Aim of the exercise: Return all of the entries exactly as written.
+++++
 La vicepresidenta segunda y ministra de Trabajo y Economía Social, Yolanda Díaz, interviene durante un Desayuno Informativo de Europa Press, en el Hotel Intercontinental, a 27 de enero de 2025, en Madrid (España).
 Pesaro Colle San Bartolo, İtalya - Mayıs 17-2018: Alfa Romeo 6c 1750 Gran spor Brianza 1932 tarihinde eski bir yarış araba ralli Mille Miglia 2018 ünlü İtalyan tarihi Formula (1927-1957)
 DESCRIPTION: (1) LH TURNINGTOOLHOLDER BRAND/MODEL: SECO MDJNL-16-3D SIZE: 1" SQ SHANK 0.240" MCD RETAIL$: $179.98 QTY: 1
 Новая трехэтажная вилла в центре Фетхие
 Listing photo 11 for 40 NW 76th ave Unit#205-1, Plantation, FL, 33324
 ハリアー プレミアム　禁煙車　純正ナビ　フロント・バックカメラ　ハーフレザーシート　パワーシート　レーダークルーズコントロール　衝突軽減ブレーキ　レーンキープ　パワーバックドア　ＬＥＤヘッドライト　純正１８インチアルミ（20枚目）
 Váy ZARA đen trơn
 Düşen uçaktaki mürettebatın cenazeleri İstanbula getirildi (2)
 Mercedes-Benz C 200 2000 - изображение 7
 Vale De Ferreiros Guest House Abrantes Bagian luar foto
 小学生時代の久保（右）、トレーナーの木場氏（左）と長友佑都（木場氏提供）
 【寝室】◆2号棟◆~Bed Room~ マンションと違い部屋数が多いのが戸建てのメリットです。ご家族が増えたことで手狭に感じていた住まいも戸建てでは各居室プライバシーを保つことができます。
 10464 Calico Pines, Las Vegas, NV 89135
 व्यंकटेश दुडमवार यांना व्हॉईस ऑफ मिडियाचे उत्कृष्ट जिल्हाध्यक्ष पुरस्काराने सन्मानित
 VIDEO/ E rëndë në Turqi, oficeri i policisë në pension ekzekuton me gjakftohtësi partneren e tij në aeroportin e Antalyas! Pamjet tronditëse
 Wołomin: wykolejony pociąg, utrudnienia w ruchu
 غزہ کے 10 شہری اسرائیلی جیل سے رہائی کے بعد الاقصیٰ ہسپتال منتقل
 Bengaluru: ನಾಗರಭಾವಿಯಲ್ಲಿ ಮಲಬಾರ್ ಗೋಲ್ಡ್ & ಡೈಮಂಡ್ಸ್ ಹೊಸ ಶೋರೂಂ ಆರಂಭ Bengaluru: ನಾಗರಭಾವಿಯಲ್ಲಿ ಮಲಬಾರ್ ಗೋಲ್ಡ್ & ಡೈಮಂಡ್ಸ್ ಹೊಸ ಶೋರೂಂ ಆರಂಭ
+++++
Result below:
 La vicepresidenta segunda y ministra de Trabajo y Economía Social, Yolanda Díaz, interviene durante un Desayuno Informativo de Europa Press, en el Hotel Intercontinental, a 27 de enero de 2025, en Madrid (España).
 Pesaro Colle San Bartolo, İtalya - Mayıs 17-2018: Alfa Romeo 6c 1750 Gran spor Brianza 1932 tarihinde eski bir yarış araba ralli Mille Miglia 2018 ünlü İtalyan tarihi Formula (1927-1957)
 DESCRIPTION: (1) LH TURNINGTOOLHOLDER BRAND/MODEL: SECO MDJNL-16-3D SIZE: 1" SQ SHANK 0.240" MCD RETAIL$: $179.98 QTY: 1
 Новая трехэтажная вилла в центре Фетхие
 Listing photo 11 for 40 NW 76th ave Unit#205-1, Plantation, FL, 33324
 ハリアー プレミアム　禁煙車　純正ナビ　フロント・バックカメラ　ハーフレザーシート　パワーシート　レーダークルーズコントロール　衝突軽減ブレーキ　レーンキープ　パワーバックドア　ＬＥＤヘッドライト　純正１８インチアルミ（20枚目）
 Váy ZARA đen trơn
 Düşen uçaktaki mürettebatın cenazeleri İstanbula getirildi (2)
 Mercedes-Benz C 200 2000 - изображение 7
 Vale De Ferreiros Guest House Abrantes Bagian luar foto
 小学生時代の久保（右）、トレーナーの木場氏（左）と長友佑都（木場氏提供）
 【寝室】◆2号棟◆~Bed Room~ マンションと違い部屋数が多いのが戸建てのメリットです。ご家族が増えたことで手狭に感じていた住まいも戸建てでは各居室プライバシーを保つことができます。
 10464 Calico Pines, Las Vegas, NV 89135
 व्यंकटेश दुडमवार यांना व्हॉईस ऑफ मिडियाचे उत्कृष्ट जिल्हाध्यक्ष पुरस्काराने सन्मानित
 VIDEO/ E rëndë në Turqi, oficeri i policisë në pension ekzekuton me gjakftohtësi partneren e tij në aeroportin e Antalyas! Pamjet tronditëse
 Wołomin: wykolejony pociąg, utrudnienia w ruchu
 غزہ کے 10 شہری اسرائیلی جیل سے رہائی کے بعد الاقصیٰ ہسپتال منتقل
 Bengaluru: ನಾಗರಭಾವಿಯಲ್ಲಿ ಮಲಬಾರ್ ಗೋಲ್ಡ್ & ಡೈಮಂಡ್ಸ್ ಹೊಸ ಶೋರೂಂ ಆರಂಭ Bengaluru: ನಾಗರಭಾವಿಯಲ್ಲಿ ಮಲಬಾರ್ ಗೋಲ್ಡ್ & ಡೈಮಂಡ್ಸ್ ಹೊಸ ಶೋರೂಂ ಆರಂಭ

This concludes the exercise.